You're discussing your husband's career with the maid!?!
No, we're discussing whoever's been systematically robbing banks all over the city.
You know very well who's been doing that.
I haven't a clue. Now go away!

The most annoying thing is even with his choice of careers, I still do love Danny. And he's the best father a little girl could have. He works nights so by the time he leaves, she's asleep. But I can't live this sham much longer. I think he may have fallen out of love with me.
*checks relationship panel* Nonsense. He's just career-oriented at the moment.
You're such a pretty girl. You are!
Hello Jane.
Who the hell are you and why are you calling my wife by her first name?
That's Remington Harris. The maid, remember? We've become friends.
He hasn't taken my place, has he?
Oh! When you do that, not at all.

Seems the only way to find out anything around here is to go investigate on your own.
Gabe! We haven't seen you in a long time.
Do you know how I found out about my fourteenth grandchild? Roger called me. I should've been notified when she was born.
Sorry Dad. It's been a bit crazy though, with my new work hours.
I heard you resigned from your post at Academie Le Tour. Why?
My... uh... interests have changed.
It's okay. I get to spend some time with you now.
Gabe, can you do me a favor and talk to Danny?
Oh great, you again. So now you're stalking my son.
I think I have adequately made up Toddlermania to you. You have a wife, two more sons, all the money you could ever want, a nice house and I even convinced your youngest, who was firmly against marriage, to tie the knot so you could be perma-plat. You, on the other hand, have been nothing but trouble, getting fired and all.
I'll think about it.

Dad, isn't she excellent on the piano?
She got it from her dad. He's also an exceptional player.
My mom plays even better than him.
Looks like the fan club's grown.

Yes, I finally have an A+!
Dad, look! I'm at the top of my class now!
I'm so proud of you. Come give your dad a hug.
Daddy, can you help me with my homework so I can be smart like Sam?
Of course Brad. You'll be right beside Sam in a few days.
Oh no, I've gotta go to work now. You'll have to get your mother to help you finish.
Daddy, why are you dressed like Snake? Are you going to a costume party?
I wish. Brad, you're old enough to grasp this. Your dad, well, Snake.
No way. That's so cool!
Something tells me Sam won't be so excited.

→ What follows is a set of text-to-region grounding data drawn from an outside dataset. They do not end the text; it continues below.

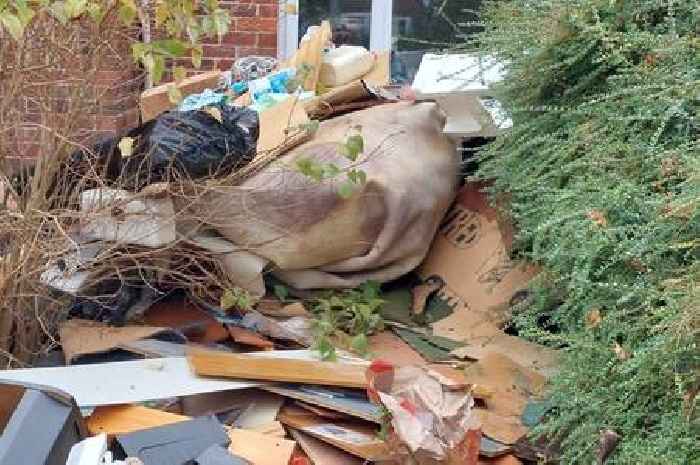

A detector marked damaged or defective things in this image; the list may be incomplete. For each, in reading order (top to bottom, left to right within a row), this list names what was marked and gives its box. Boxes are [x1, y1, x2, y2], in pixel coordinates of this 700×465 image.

broken wood piece [140, 70, 221, 121]
broken wood piece [60, 320, 185, 362]
broken wood piece [228, 324, 274, 346]
broken wood piece [189, 348, 370, 388]
broken wood piece [87, 404, 191, 436]
broken wood piece [228, 426, 296, 464]
broken wood piece [262, 382, 382, 422]
broken wood piece [288, 428, 364, 464]
broken wood piece [278, 406, 392, 460]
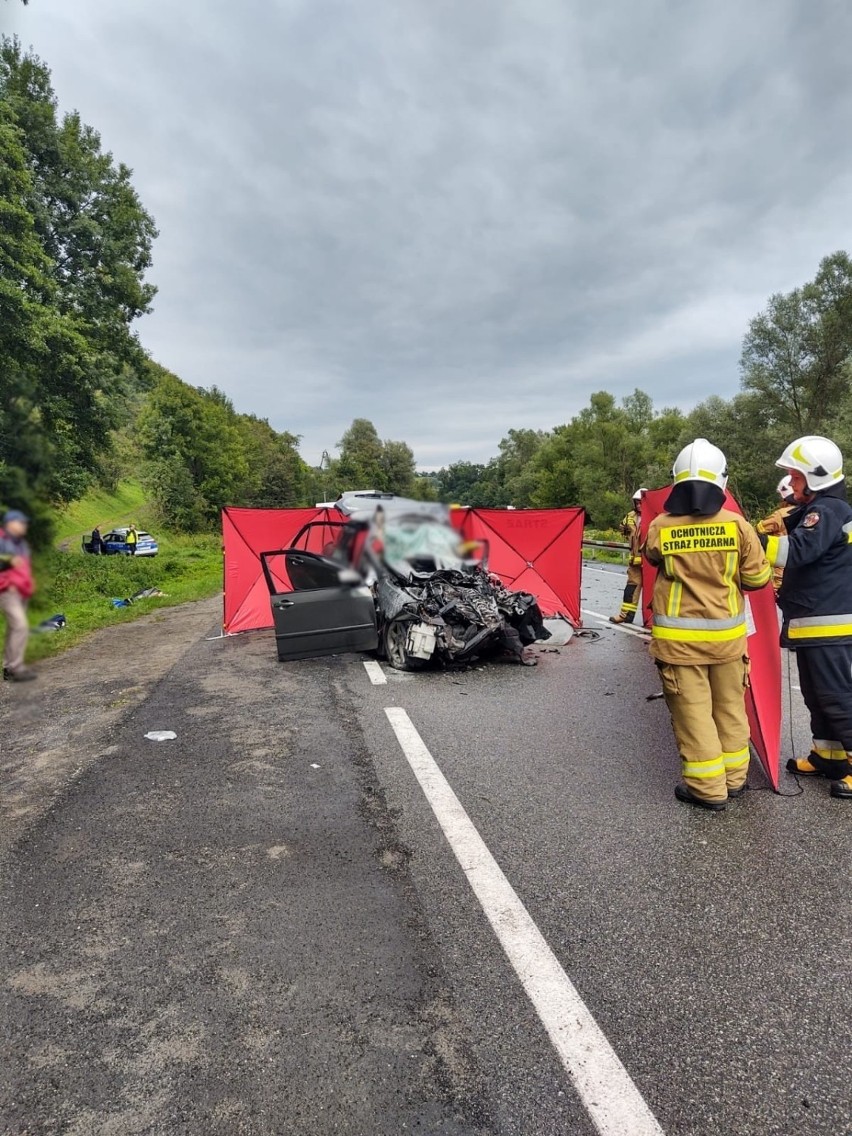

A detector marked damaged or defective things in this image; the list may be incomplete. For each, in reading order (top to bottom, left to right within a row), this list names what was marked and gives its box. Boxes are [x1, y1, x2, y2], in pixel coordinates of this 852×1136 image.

wrecked car [262, 493, 554, 667]
shattered windshield [386, 518, 468, 572]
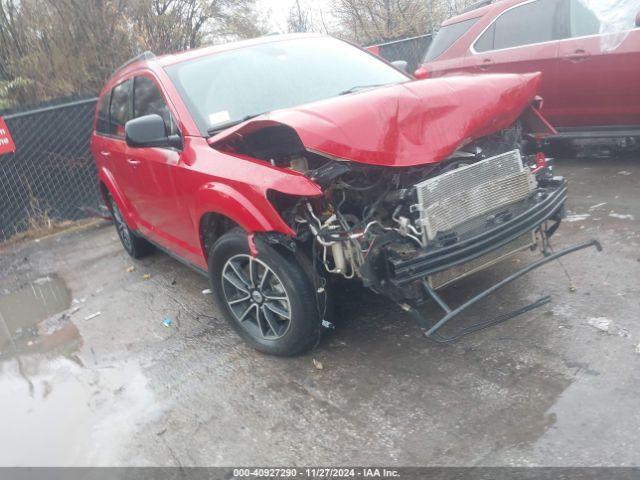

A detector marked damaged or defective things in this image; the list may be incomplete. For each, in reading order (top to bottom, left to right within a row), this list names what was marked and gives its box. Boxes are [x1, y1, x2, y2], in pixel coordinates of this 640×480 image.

crumpled red hood [212, 72, 544, 168]
damaged front end [210, 78, 600, 342]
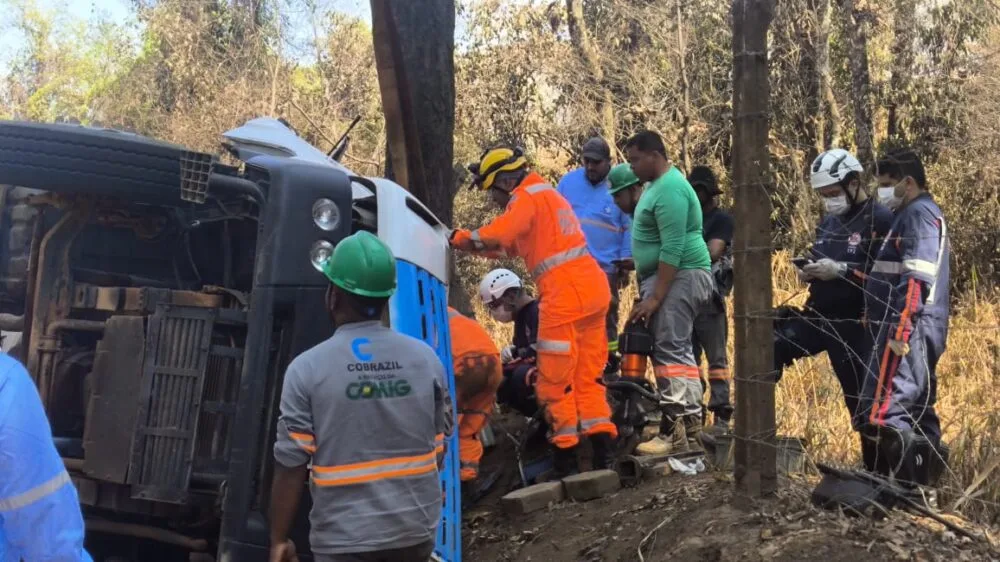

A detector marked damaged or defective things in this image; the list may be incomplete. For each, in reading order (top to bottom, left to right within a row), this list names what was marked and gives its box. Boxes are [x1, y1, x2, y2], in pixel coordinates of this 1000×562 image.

overturned truck [0, 118, 458, 560]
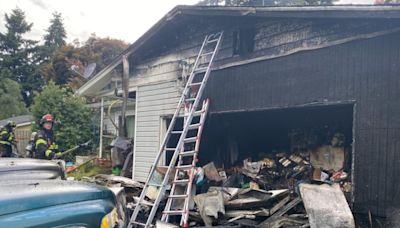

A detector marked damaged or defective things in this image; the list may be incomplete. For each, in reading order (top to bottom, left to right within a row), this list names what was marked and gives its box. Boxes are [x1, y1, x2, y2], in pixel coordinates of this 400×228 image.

burned house [76, 4, 400, 217]
charred wall [203, 31, 400, 216]
broken board [298, 183, 354, 228]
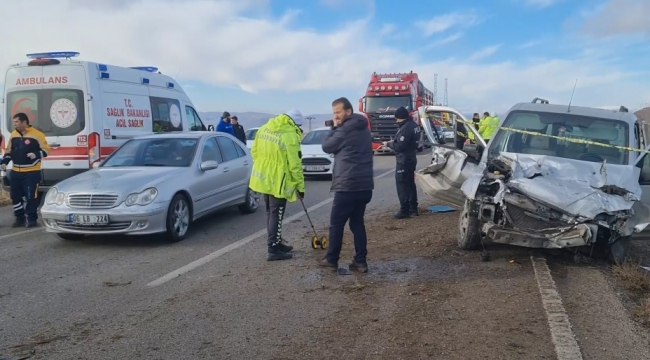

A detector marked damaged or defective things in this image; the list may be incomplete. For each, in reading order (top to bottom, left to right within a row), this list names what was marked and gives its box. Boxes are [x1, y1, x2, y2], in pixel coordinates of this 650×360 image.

damaged white van [416, 100, 648, 262]
shattered windshield [488, 110, 624, 165]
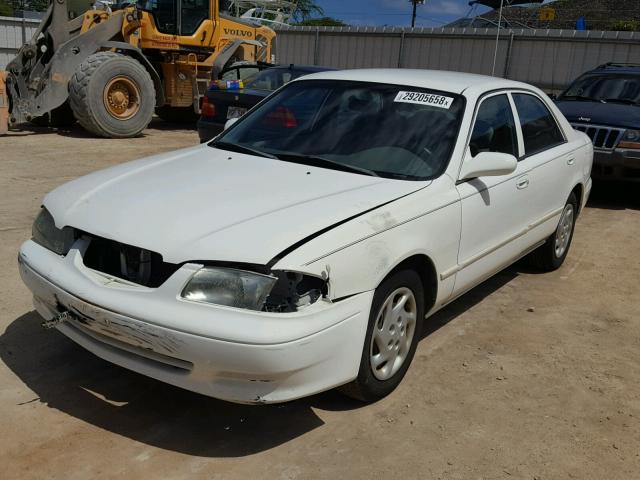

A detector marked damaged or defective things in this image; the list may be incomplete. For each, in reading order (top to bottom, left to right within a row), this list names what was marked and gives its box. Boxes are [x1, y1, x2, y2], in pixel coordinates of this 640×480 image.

cracked hood [45, 146, 424, 266]
damaged front bumper [18, 238, 376, 404]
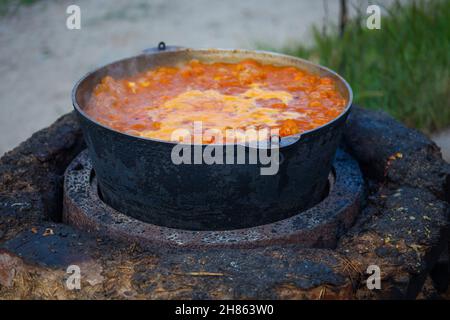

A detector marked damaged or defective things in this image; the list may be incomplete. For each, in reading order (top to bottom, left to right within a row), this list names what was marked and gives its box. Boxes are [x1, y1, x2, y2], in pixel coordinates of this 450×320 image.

charred stone surface [0, 108, 448, 300]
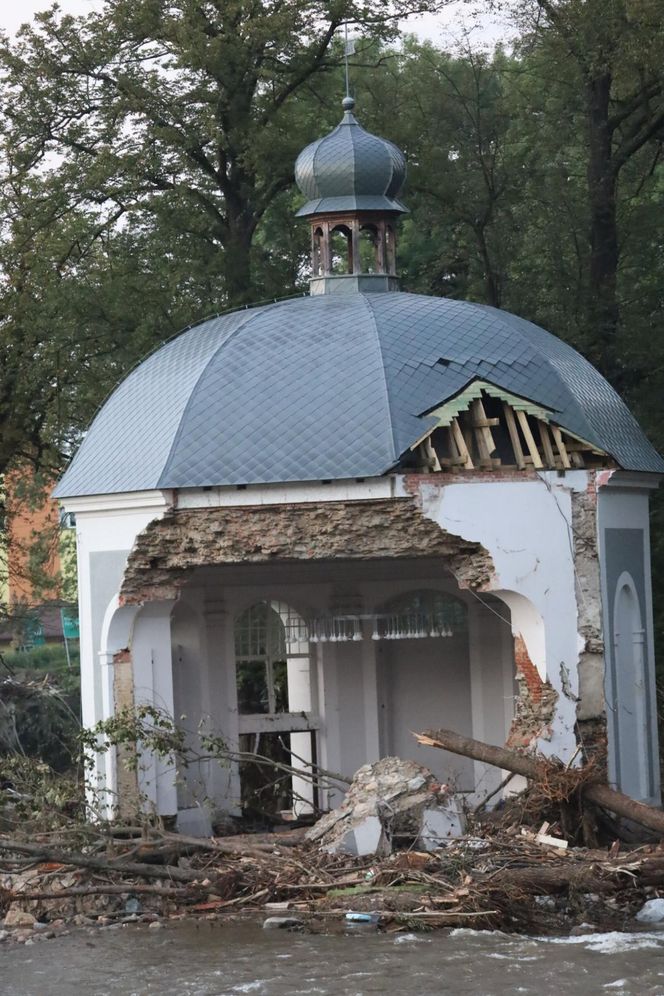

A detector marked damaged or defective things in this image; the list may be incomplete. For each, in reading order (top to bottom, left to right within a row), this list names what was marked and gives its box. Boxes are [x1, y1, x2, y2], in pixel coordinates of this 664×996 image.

damaged chapel [53, 93, 664, 828]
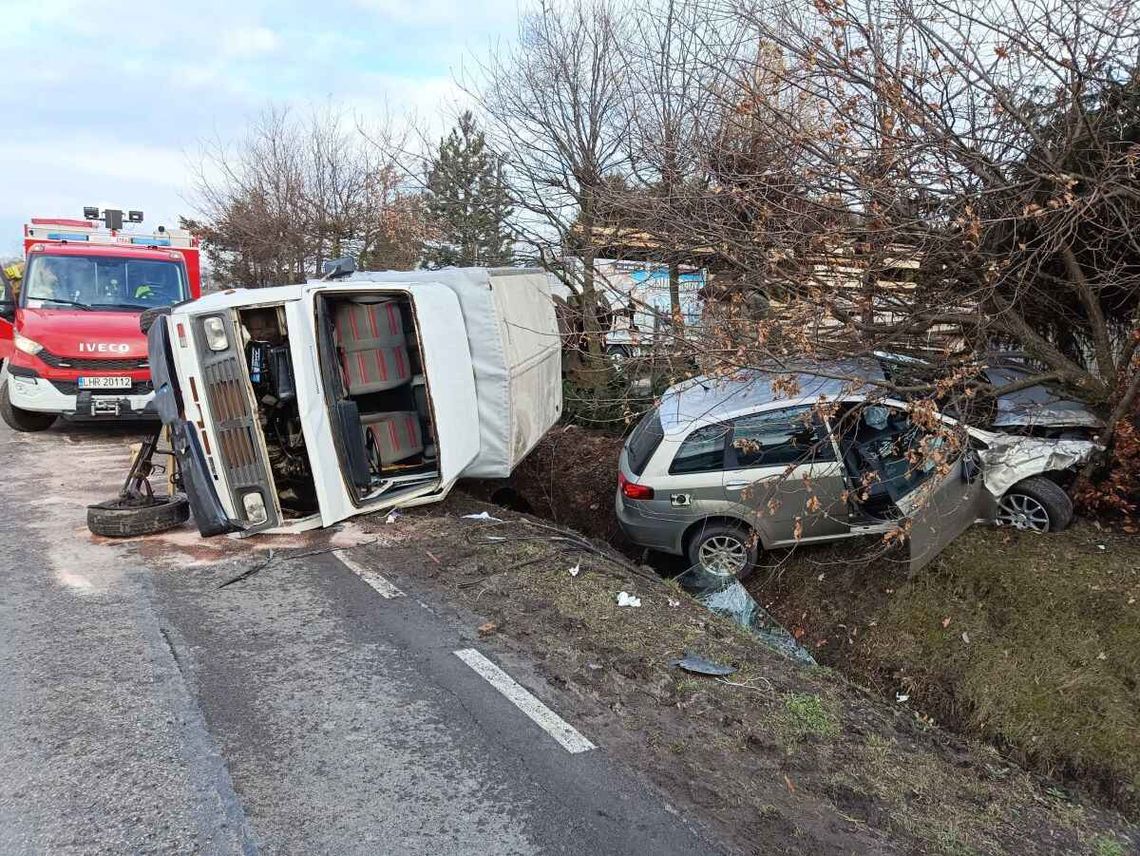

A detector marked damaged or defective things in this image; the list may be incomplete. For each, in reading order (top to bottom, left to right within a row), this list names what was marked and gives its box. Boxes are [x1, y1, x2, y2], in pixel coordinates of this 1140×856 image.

shattered windshield [23, 253, 188, 312]
overturned white van [93, 267, 560, 535]
damaged silver car [620, 369, 1098, 579]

It's okay Brad, I can teach you. I don't work now, but I used to be a teacher.

Thank goodness toys don't break. That's the very same rabbit James and Jane played with as children. Ah, nostalgia.

Hi my little Sarah. You'll be a big girl soon, and I think my marriage is falling apart.
I wonder if babies really do hold the secrets of the universe in their eyes. I wish she could tell me how to fix this mess.

What an interesting canine you are. What makes your eyes glow, I wonder.
You could become friends with it and find out the hard way, or you could go look up "werewolf" in Webster. Your choice.

Good morning Brad.
Morning Sam. Hey, that weird lady we can't see said that Daddy's Snake.
Dad's not Snake. Only the evilest of evil guys can be Snake. Dad's not evil.
But Mom said she knows everything.
Look Brad, Dad isn't Snake. And that's it.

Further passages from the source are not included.